**Directions**:
The data must be reproduced verbatim; images are to be omitted.

**Provided data**:
###
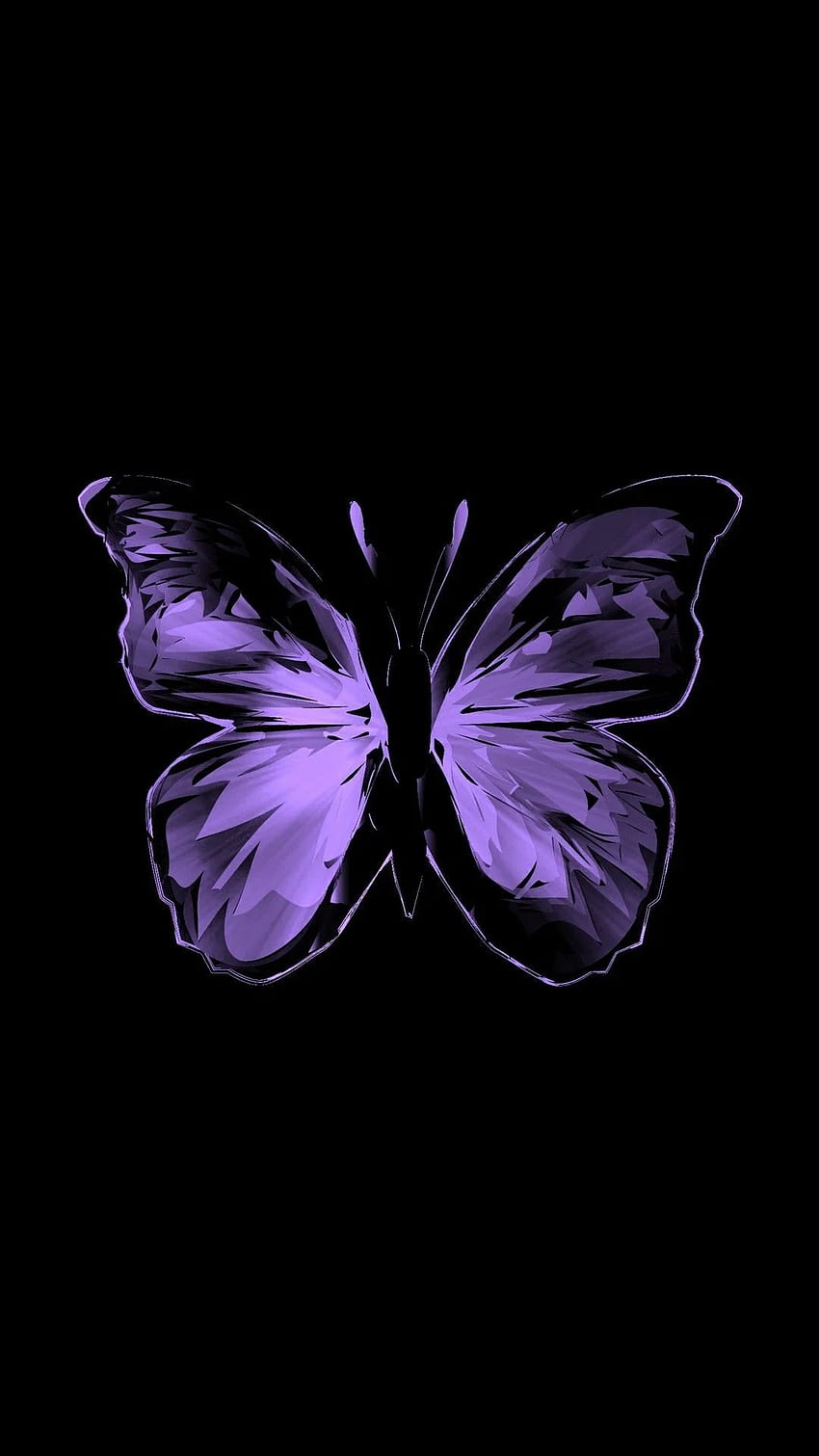 Purple butterfly. Butterfly iphone, Black and purple , Butterfly background, Purple Butterfly iPhone HD phone wallpaper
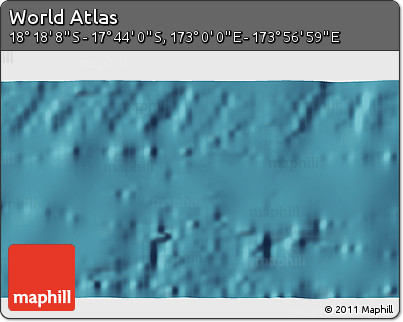 Satellite 3D Map of the Area around 18° 1' 4" S, 173° 28' 29" E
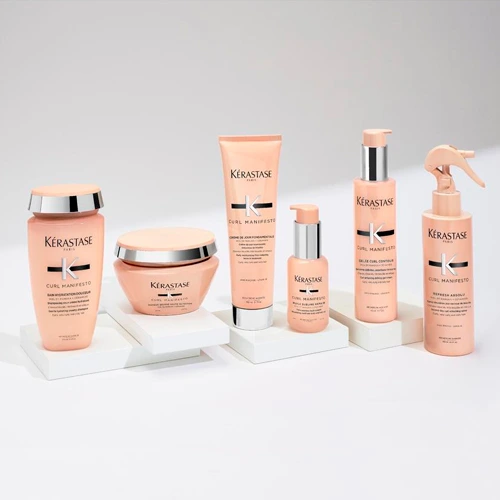 Kerastase гамма Кёрл Манифесто: Маска для вьющихся и кудрявых волос Нуриссант, 200 мл — 3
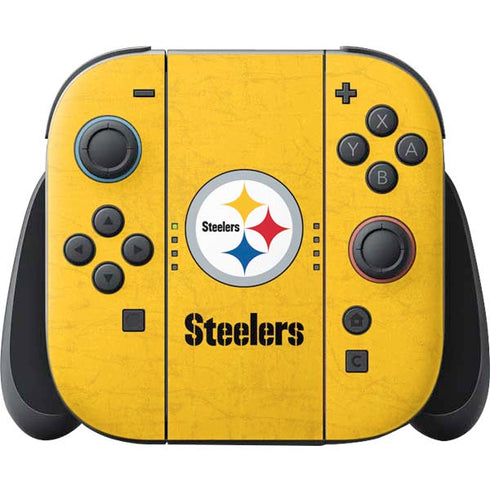 NFL Pittsburgh Steelers - Alternate Distressed Nintendo Skins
###
**Solution to this exercise**:
 Purple butterfly. Butterfly iphone, Black and purple , Butterfly background, Purple Butterfly iPhone HD phone wallpaper
 Satellite 3D Map of the Area around 18° 1' 4" S, 173° 28' 29" E
 Kerastase гамма Кёрл Манифесто: Маска для вьющихся и кудрявых волос Нуриссант, 200 мл — 3
 NFL Pittsburgh Steelers - Alternate Distressed Nintendo Skins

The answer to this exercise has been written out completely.